• [Exercise data]:

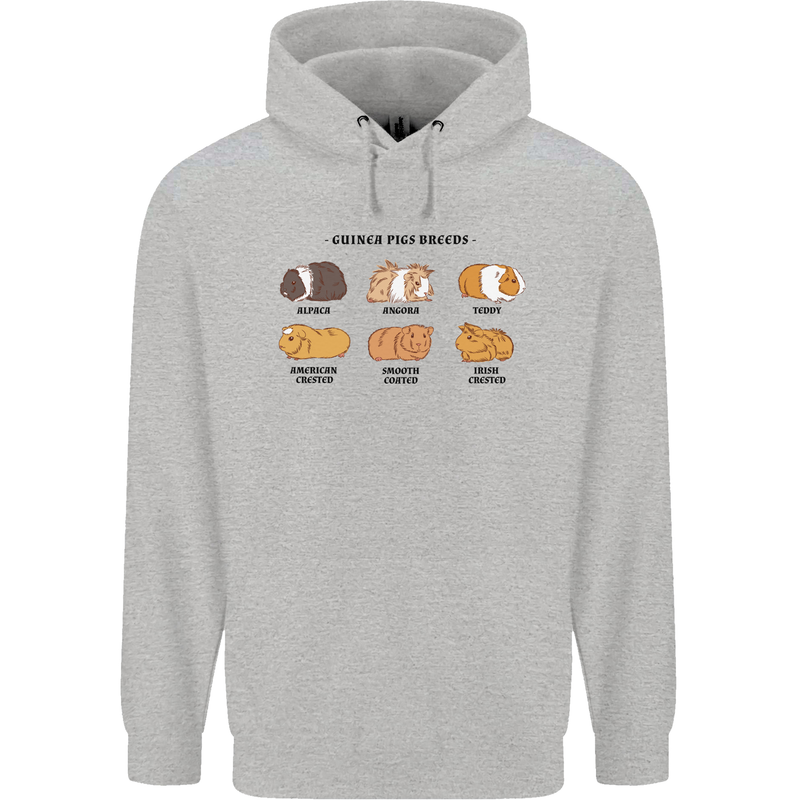 Guinea Pig Breeds 4 Mens 80% Cotton Hoodie Sports Grey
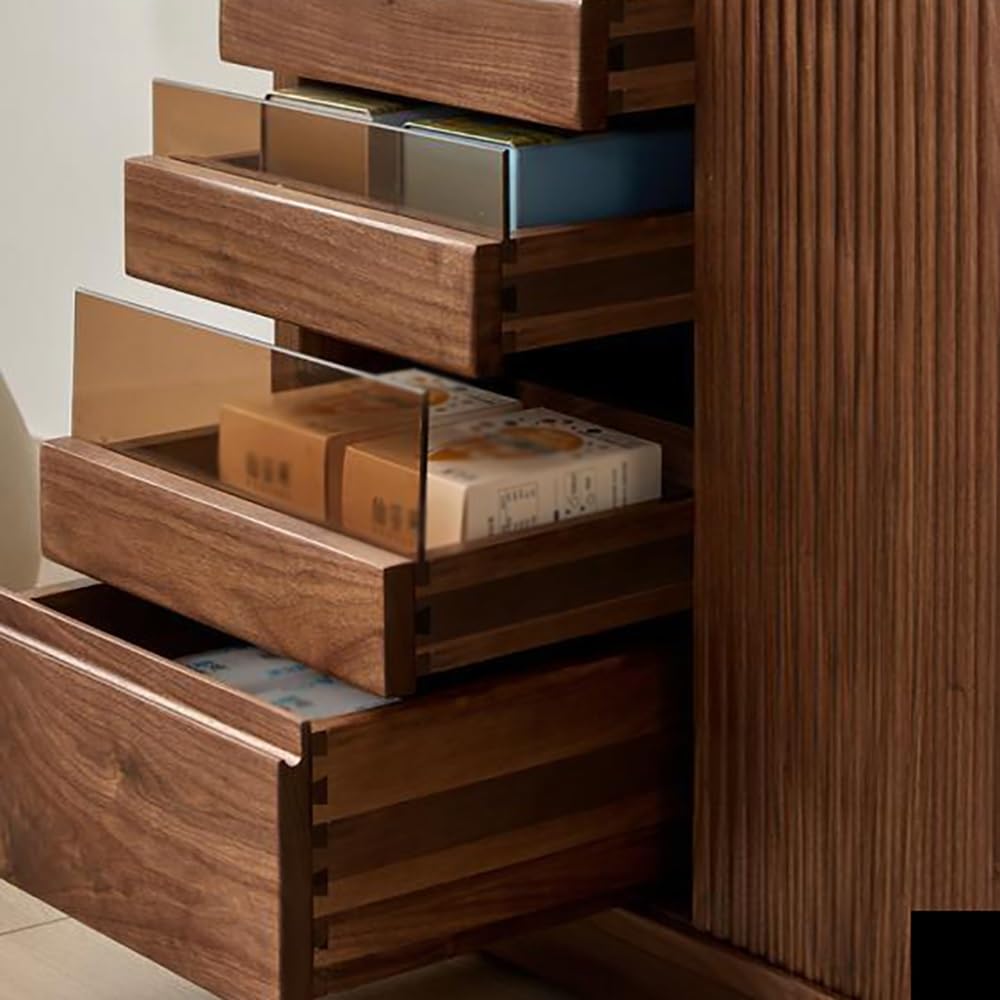 ENGENDER Couch Side Table 78x41x69cm Walnut Home Sofa Side Cabinet, Living Ro...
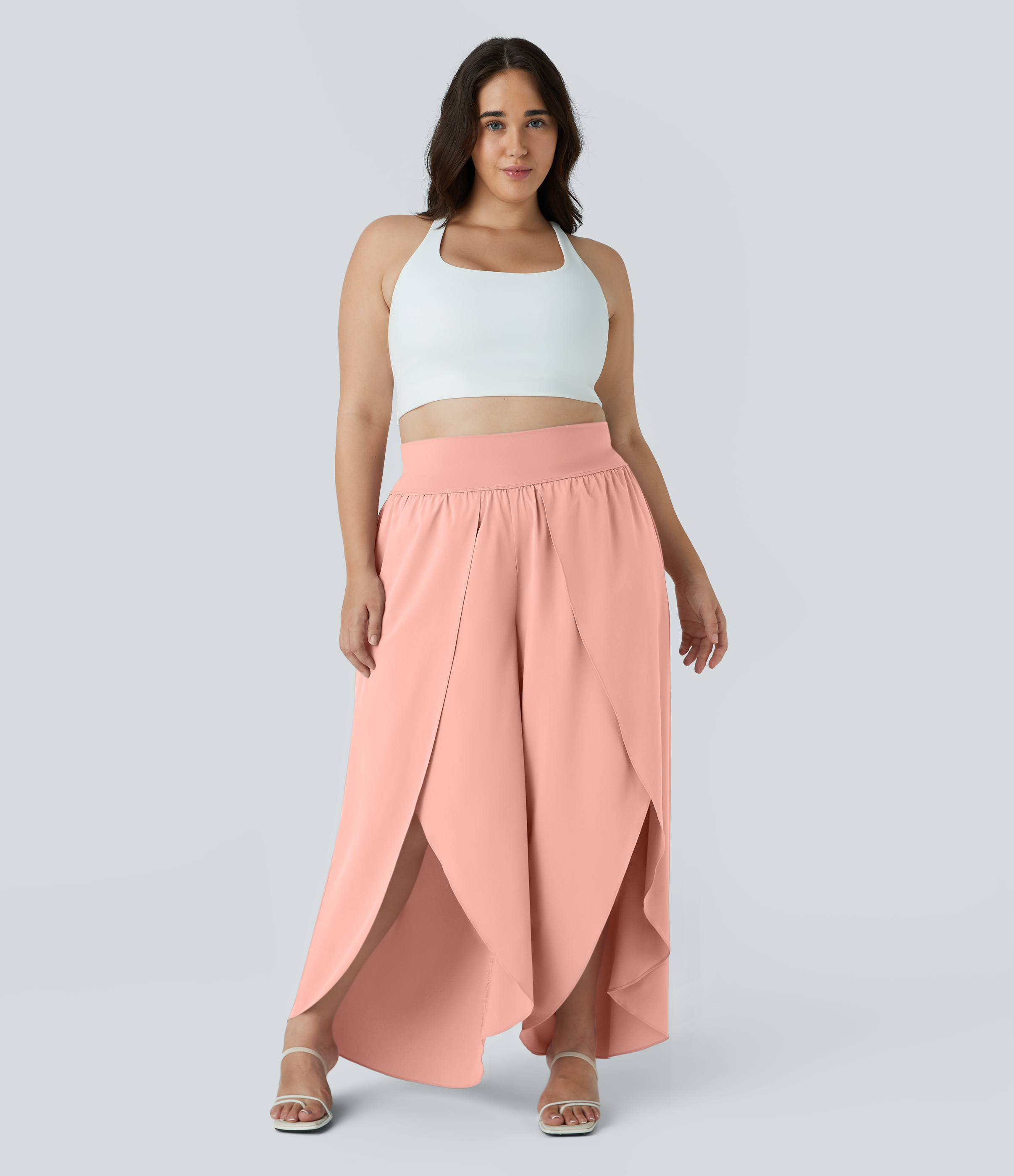 Halara Breezefulв„ў High Waisted Back Waistband Pocket Palazzo Flowy Split Wide Leg Quick Dry Casual Plus Size Pants  - Peach Melba - 3X(regular)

• [Work instructions]: Word for word, give the listing above again, but drop any pictures.

• [Solution to this exercise]:
 Guinea Pig Breeds 4 Mens 80% Cotton Hoodie Sports Grey
 ENGENDER Couch Side Table 78x41x69cm Walnut Home Sofa Side Cabinet, Living Ro...
 Halara Breezefulв„ў High Waisted Back Waistband Pocket Palazzo Flowy Split Wide Leg Quick Dry Casual Plus Size Pants  - Peach Melba - 3X(regular)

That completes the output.